Improv Communities Demand Theaters Address Systemic Racism

Second City and UCB. Photo-Illustration: Vulture, Management/Trip Advisor and Rafael Rautha/Upright Citizens Brigade

After the killing of George Floyd in May and the resulting Black Lives Matter protests across the country, members of the improv community have begun to organize and demand change at their home theaters in regards to equality, diversity, and racist work cultures. The movement kicked off when Upright Citizens Brigade alum and Astronomy Club cast member Keisha Zollar tweeted a thread on June 3 about her experience working as UCB’s diversity coordinator in New York, a job she was not paid for. (Zollar did not name UCB in her Twitter thread, but UCBers were quick to make the connection, and UCB later acknowledged it.) “Now that I have some career comedy shit under my belt, I look back at those time[s] with both love for the people and anger because I was not paid for my time. Therefore not truly respected,” she said. The following day, on June 4, Second City alum and Brooklyn Nine-Nine writer Dewayne Perkins responded to the theater’s Black Lives Matter support tweet with a thread of his own, in which he outlined several ways the theater fostered a racist environment for Black performers and said he “had so much anxiety/fear built up from being in such a toxic predominately white environment.”

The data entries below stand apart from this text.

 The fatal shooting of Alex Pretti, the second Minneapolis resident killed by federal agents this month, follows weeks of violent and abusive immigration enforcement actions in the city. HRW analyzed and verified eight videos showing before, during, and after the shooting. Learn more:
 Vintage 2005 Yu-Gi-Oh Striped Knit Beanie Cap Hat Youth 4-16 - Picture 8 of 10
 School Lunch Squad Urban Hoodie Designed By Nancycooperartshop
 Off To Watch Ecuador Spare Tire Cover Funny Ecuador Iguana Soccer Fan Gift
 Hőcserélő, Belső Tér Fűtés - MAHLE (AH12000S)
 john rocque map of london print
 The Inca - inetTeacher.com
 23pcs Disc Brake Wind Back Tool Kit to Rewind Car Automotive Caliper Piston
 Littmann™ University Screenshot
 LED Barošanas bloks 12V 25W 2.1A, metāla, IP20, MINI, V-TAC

Zollar’s and Perkins’s Twitter threads sparked a larger conversation about how improv theaters have failed Black and POC performers and staffers, but the news comes at a time when theaters are already struggling financially. Most venues remain closed due to the pandemic, and many staffers have been laid off. (Due to the pandemic, in March about two-thirds of Second City’s staff were laid off, and UCB laid off all of its staff on both coasts.) At UCB in particular, distrust in leadership and uncertainty about the theater’s future has been brewing among the UCB community since the layoffs. In the midst of all this, UCB has revealed its plan to pursue a nonprofit status for its struggling theaters, but UCB’s Black performers and alums say that’s far from enough; addressing systemic racism on all levels, by leadership and by the community, is the only path forward.

Here’s an overview of what’s happened so far in the growing movement to hold the biggest improv theaters accountable and the steps the institutions have pledged to take going forward.

Upright Citizens Brigade

After Zollar’s Twitter thread about her unpaid work as a diversity coordinator on June 3, other members of the UCB community began sharing their experiences of racism at the theater. This included Native performers Kelly Lynne D’Angelo and Joey Clift as well as Black performers like Shaun Diston, who outlined the tokenization of Black students and performers at the theater in a post on Instagram. “This is a common experience for people of color at UCB. Being chewed up and spit out for the purposes of diversity. I fought very hard to perform again, but many POCs in my position end up leaving the theater for good,” he wrote. “The politics of an improv theater are the least of the issues we have facing us but if and when UCB reopens, I’d love to go back to a community that does more to dismantle racism.”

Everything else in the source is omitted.